In this capstone I will be applying data science in the area of natural language processing. The next word prediction model will be trained on a data set from HC Corpora which is available on the Coursera site. This report aims to provide a basic understanding of the data that will be used in the Data Science capstone. I will explain the major features of the data and briefly summarize my plans for creating the prediction algorithm and Shiny app. The model will be a n-gram model with 2-grams and 3-grams.
The file from Coursera contains text data in four languages. This project will be built only on the English language data. There are 3 text files that will be used to build the corpora and they contain text from 3 different sources: blogs, news and twitter.
In addition, I will be using a file containing profanities from Google in order to filter these words out of the corpora. This file can be downloaded at: https://code.google.com/archive/p/badwordslist/downloads
| File_Name | Object_Size_MB | Number_of_Lines | Number_of_Words | Max_Words_per_Line |
|---|---|---|---|---|
| en.US.blogs.txt | 255 | 899288 | 37334131 | 6630 |
| en_US.news.txt | 257 | 1010242 | 34372530 | 1792 |
| en_US.twitter.txt | 319 | 2360148 | 30373583 | 47 |
The table above provides a summary of the 3 files containing text from news, blogs and twitter sources. All 3 data sets occupy around the same space in memory 250-300 MB. The twitter file contains more rows than blogs and news combined. However they all have comparable number of words 3-3.7 million. This means there are fewer words per line in the twitter file compared to blogs and news. In fact, the longest twitter line is only 47 words which makes sense.

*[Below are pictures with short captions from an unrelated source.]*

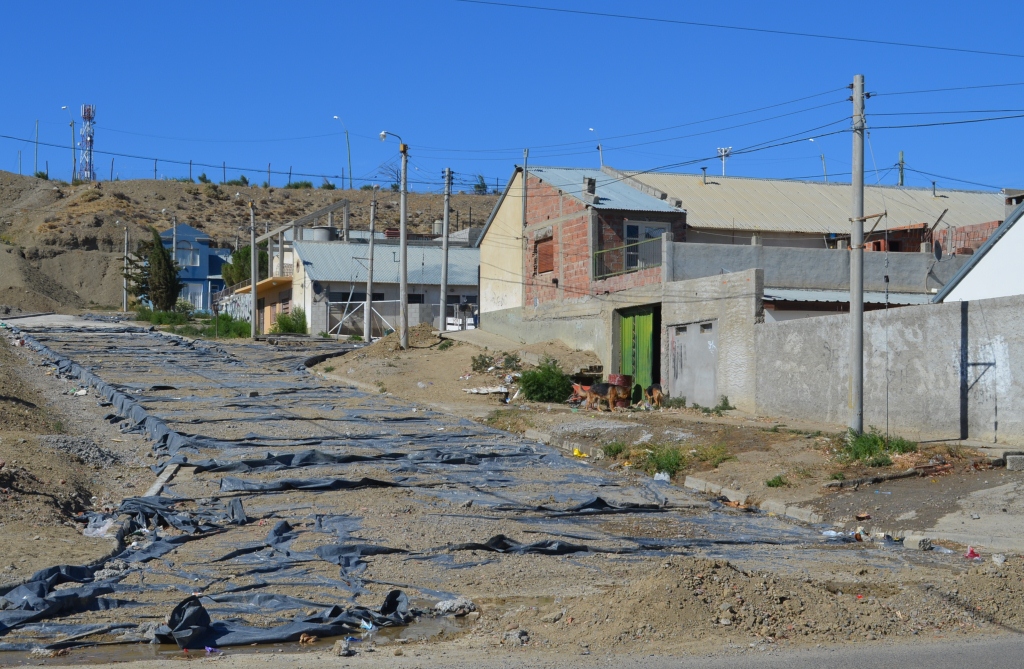 Pavimentan calles en el Bº LU4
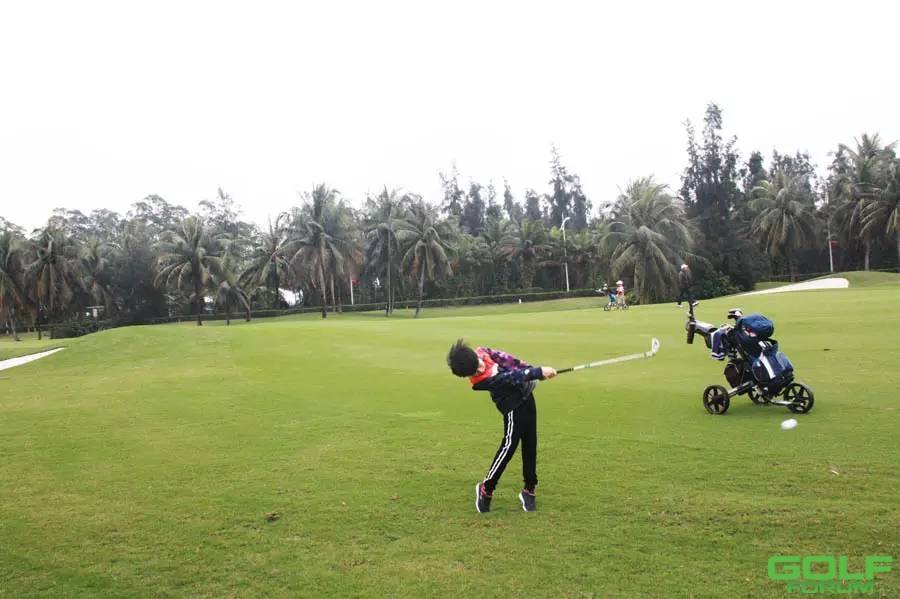 VOOGOLF倾力支持：2016年博鳌－中国青少年高尔夫未来之星明星赛第一天练习 ...
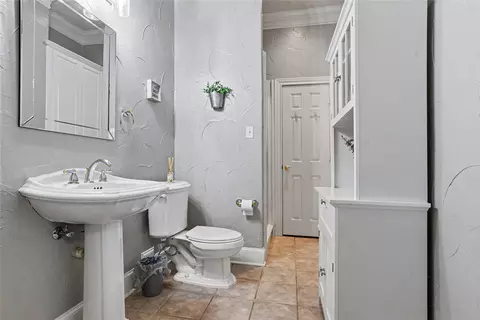 Bath - 4 Griffith Ct, Terrell, TX 75160 photo 2 of 3
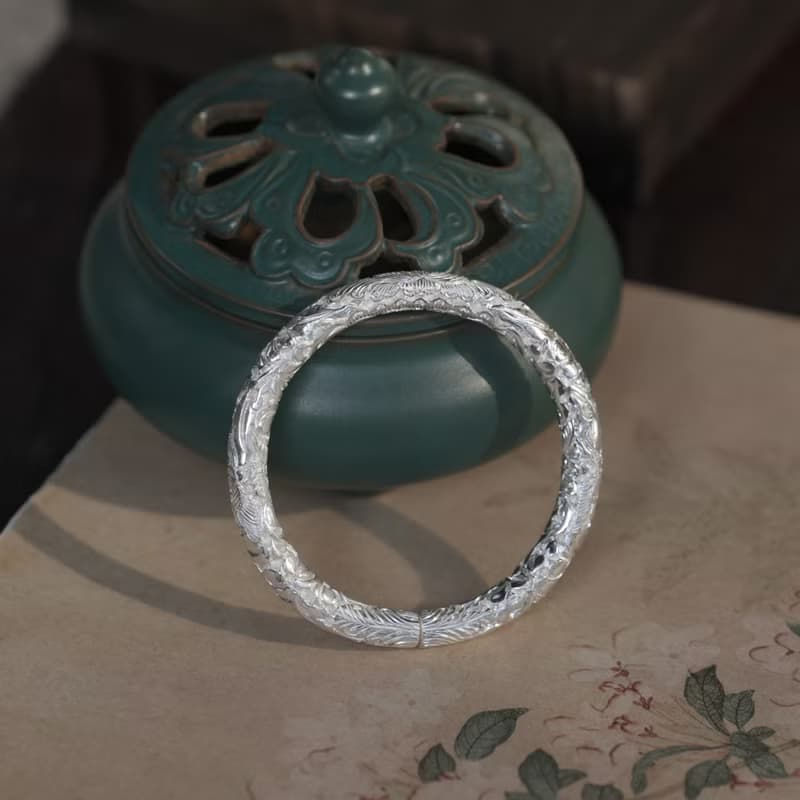 手工陰刻鏤空滿雕花卉純銀手環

Because of the very large number of words, the model will not be able to run on the entire data set so I will sample 10% from each source. These samples are then merged into one data set that is used to construct the corpus for the prediction model.
Before looking at word frequencies, the text corpus will require some additional pre-processing to improve the accuracy of the final model. The following changes are done to the text: remove non-English characters, remove punctuation, remove numbers, remove URL, Twitter handles, email patterns and emojis, remove profane words based on the Google list, remove stop words, convert to lower case and trim extra white space. Word stemming is not used here, but this could improve the accuracy of the model if done correctly.
After building the corpus, the next step is to construct the tokens for the Natural Language Processing model. I will be using 1, 2 and 3-grams. These will be made using the RWeka package in R.
It is useful to look at the frequencies for the n-grams starting with unigrams which are basically words.
A graph of the top 20 words by number of occurrences in the text shows that there are around 31000 occurrences of will, which is the most common word. Also the 20th most common has about 13000 occurrences. There are no words like “the”, “a”, “an”, “so”, “what” since they have been removed from the corpus. A word cloud can be seen below.
It is also useful to look at the coverage of words. For example, how many unique words would be required in a frequency sorted dictionary to cover 50% of all word instances in the language? What about 90%?
The graph shows that in order to cover for 50% of the whole text, only 986 words would be sufficient. However 90% would require 16852 unique words in the dictionary. This should be kept in mind when building the model as reducing the size of the dictionary could save processing time and memory. This should not come at the cost of too high accuracy loss.
The most common bigram is “right now” with about 2400 occurrences and the 20th most common is “looks like” with about 900.
The most common trigram is “cant wait see” with about 400 occurrences and the 20th most common is “gov chris christie” with about 90.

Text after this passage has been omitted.